The current 200-day moving average sits at the $68 per barrel level (basis June 2009 futures) - and that could be the mark that traders are gunning for.

If you’re considering playing the oil market to either the bullish or bearish side, you can do so…

through United States Oil (NYSE: USO) - the very liquid and popular ETF that mimics the moves of crude oil futures on the NYMEX.

Because USO trades like a stock on the NYSE, you can buy and sell it through a normal stock brokerage account. It also has options contracts available.

Currently trading around $32.60, USO is a very good “cheaper” alternative to the high-priced futures and futures options arena, while still benefiting from the same moves as the underlying oil market. If crude oil moves to the $68 per barrel area, USO could see the $47 mark at the same time.

Upside Breakout For Natural Gas

It looks like the lows are finally in for the natural gas market.

Having set a low of $3.25 per MMB/tu on April 30, natural gas has enjoyed an upside breakout over the past two weeks - to the tune of 1,300 points on the front-month futures contract and tagging $4.570 per MMB/tu on May 13.

If that move was similar to oil’s breakout, so too is the slight pullback since then. But this could merely be the launching spot for the next leg higher.

As we mentioned in the last update: “If the natgas futures can get above its 20-day & 50-day moving averages, then there’s a good chance that the end of the long downswing might be over, and we can see the start of the new bull run.”

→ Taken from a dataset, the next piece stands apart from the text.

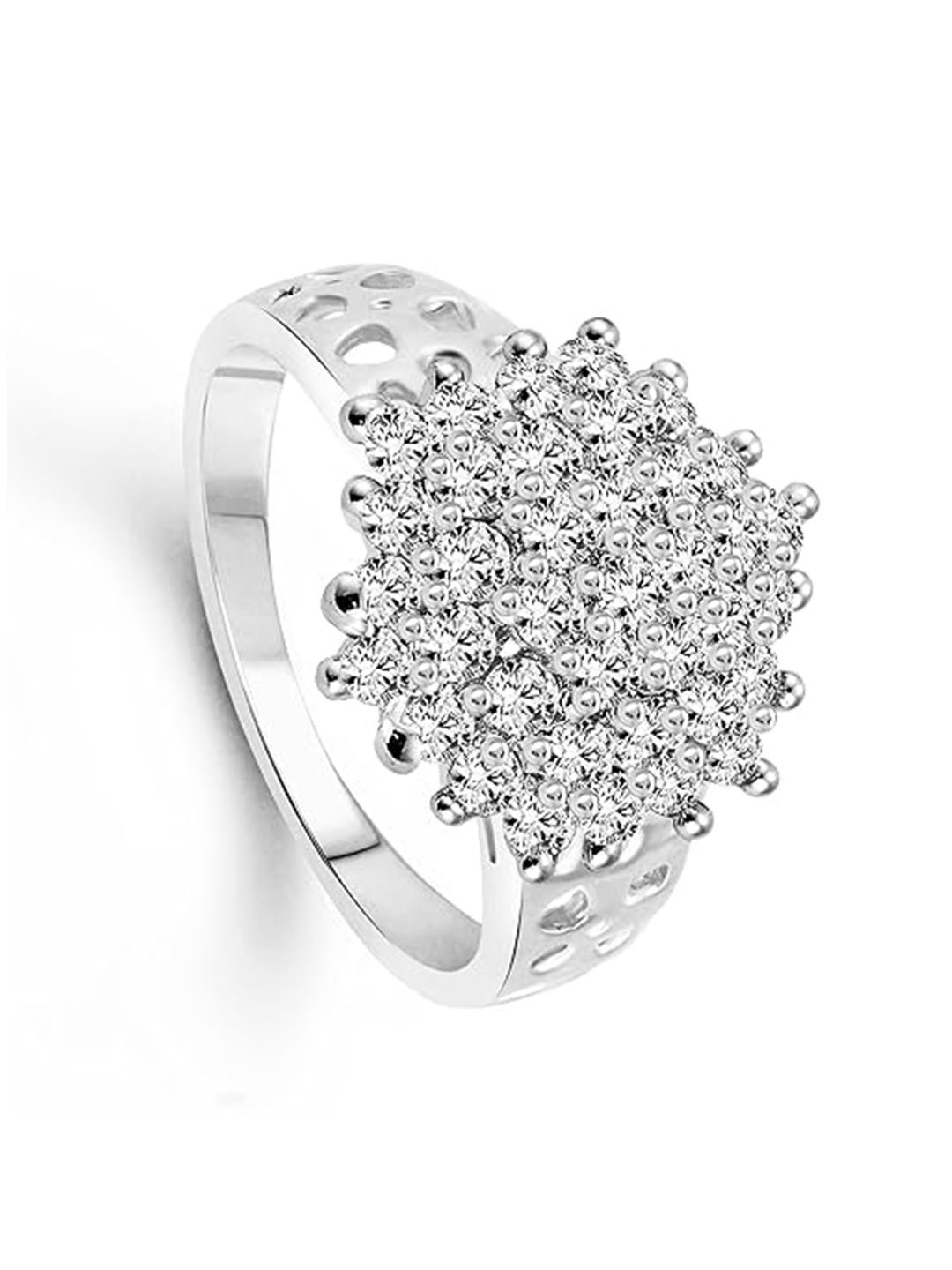 

Vighnaharta Rhodium-Plated CZ Studded Adjustable Finger Ring, Silver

Of course, we still have to contend with the lack of demand for natural gas trading and the large underground supplies in storage, which may keep the rallies at bay for a short time longer. But with a market as volatile as natural gas, once a move gets going, the speculators come out of the woodwork in droves, especially now that we’re getting close to hurricane season in the U.S.

Just like the crude oil market, there’s an equivalent exchange-traded fund for natural gas - United States Natural Gas (NYSE: UNG), which you can play in lieu of natgas futures and futures options. If you’re considering bullish strategies, UNG offers options contracts as well.

A Trio Of Grain Gains

The last time we checked the grains market, (corn, wheat, soybeans), all three looked poised to embark on a run higher. Here’s what we wrote:

“All three look to have found near-term support and may be ready to make an upside move over the next few weeks to months. In fact, in the last week alone, soybean futures have rallied almost $1.50/bushel from low to high. They have convincingly moved above the 200-day moving average, which gives it credibility to keep the bull party in play.

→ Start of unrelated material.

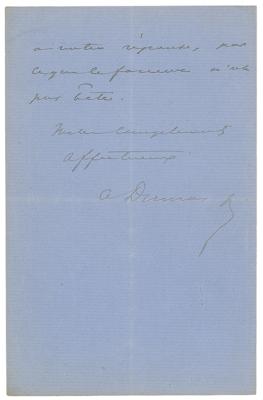 Lot #714 Alexandre Dumas, fils Autograph Letter Signed - Image 3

“Corn and wheat futures have moved to the top of the recent ranges and could be ready to take off at any time just like soybeans. And, with any forecast of potential drought over the coming summer months, we can see these markets propel skyward.”

True to form, today is the first day that we’ve seen any sort of pullback. As you can see on the chart below, soybeans have moved above their 200-day moving average.

The corn and wheat markets look set to follow in the next few weeks, too. Right now, the best way to participate in these markets is through the use of limited-risk futures option strategies that available on the CBOT exchange.

The Bulls Are Running In These Two Markets

Over the past few months, we’ve highlighted cotton and orange juice as two markets set up for some great potential buying opportunities as they approached some long-term historical lows.

Neither one has disappointed, with both markets bottoming out at almost the same time in early March. Cotton has tacked on almost 2200 points (an $11,000 move), while orange juice has vaulted almost 2700 points (a $4,050 move).

Both have also managed to trade above all three widely followed and respected moving averages - 20-day, 50-day and 200-day.

From here, both markets look set for another run higher after their brief pullbacks - a move that would solidify their bullish price action.